As a massive heat wave strikes much of the U.S., I’m continuously reminded of a line from the classic 1989 film Do the Right Thing, delivered by radio disc jockey Mister Señor Love Daddy (Samuel L. Jackson) in his wake-up call to Brooklyn: “I have today’s forecast for you: HOT!” As he hisses with his mouth and warns the community to take precautions against the heat, the camera pans back to reveal a sweltering hot neighborhood, where temperatures as well as tensions rise as the day continues.

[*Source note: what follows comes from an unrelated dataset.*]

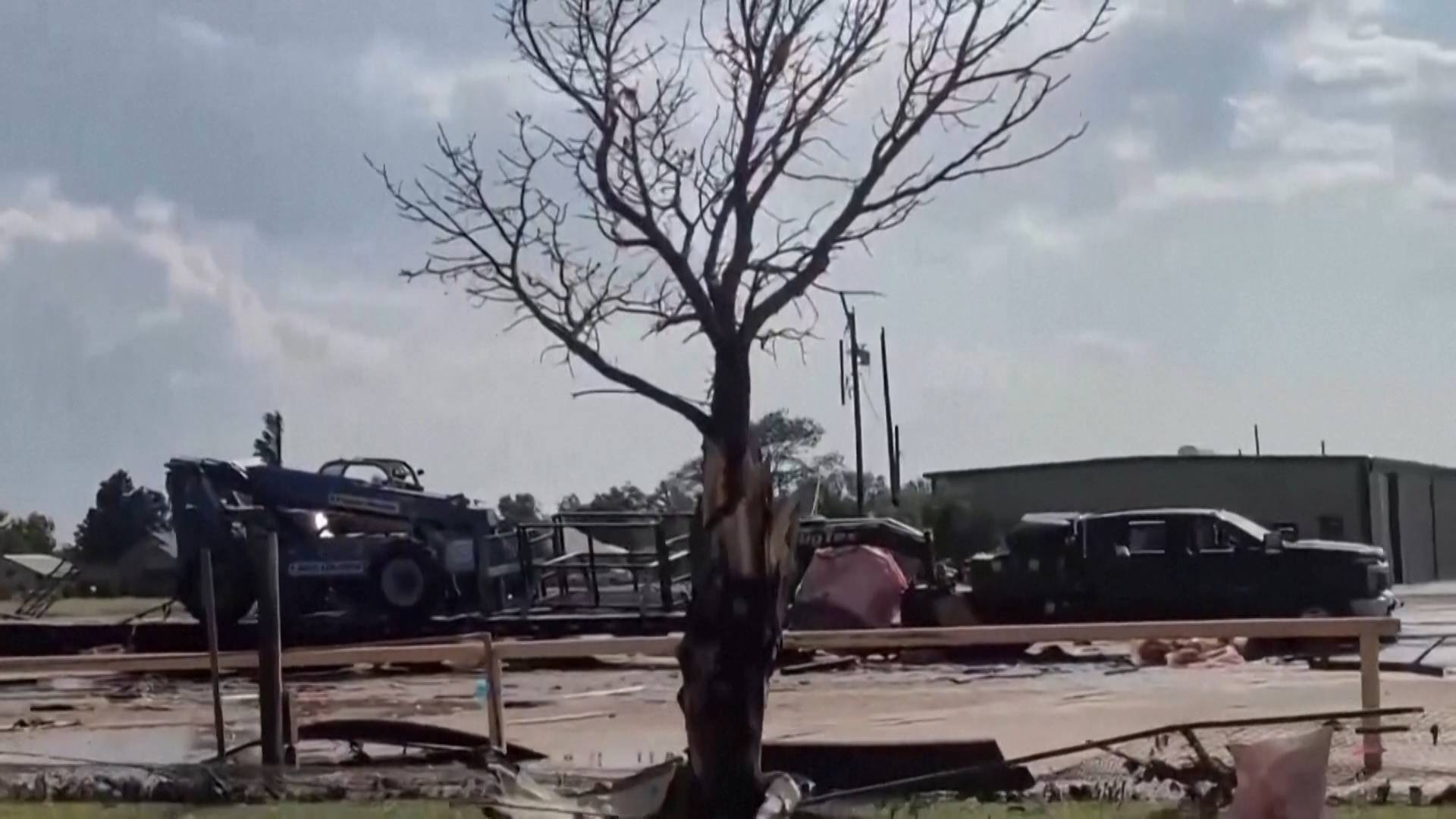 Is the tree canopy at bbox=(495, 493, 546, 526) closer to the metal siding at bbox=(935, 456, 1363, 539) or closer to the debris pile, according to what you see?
the debris pile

Do the Right Thing follows Mookie (actor and director Spike Lee), a young African-American man working for an Italian pizza joint run by Sal (Danny Aiello). The day is the same as any other, except for the blazing heat and the fact that Mookie’s friend “Buggin’ Out” (Giancarlo Esposito), realizes something about Sal’s Famous Pizzeria: the Wall of Fame is filled exclusively with Italian celebrities. Buggin’ Out demands to have some fellow African-Americans, up on the wall, since most of the restaurant’s customers are black. The films follows Mookie as he handles his business and interacts with the local flavor, and Buggin’ Out as he attempts to organize a strike against Sal for racial injustice.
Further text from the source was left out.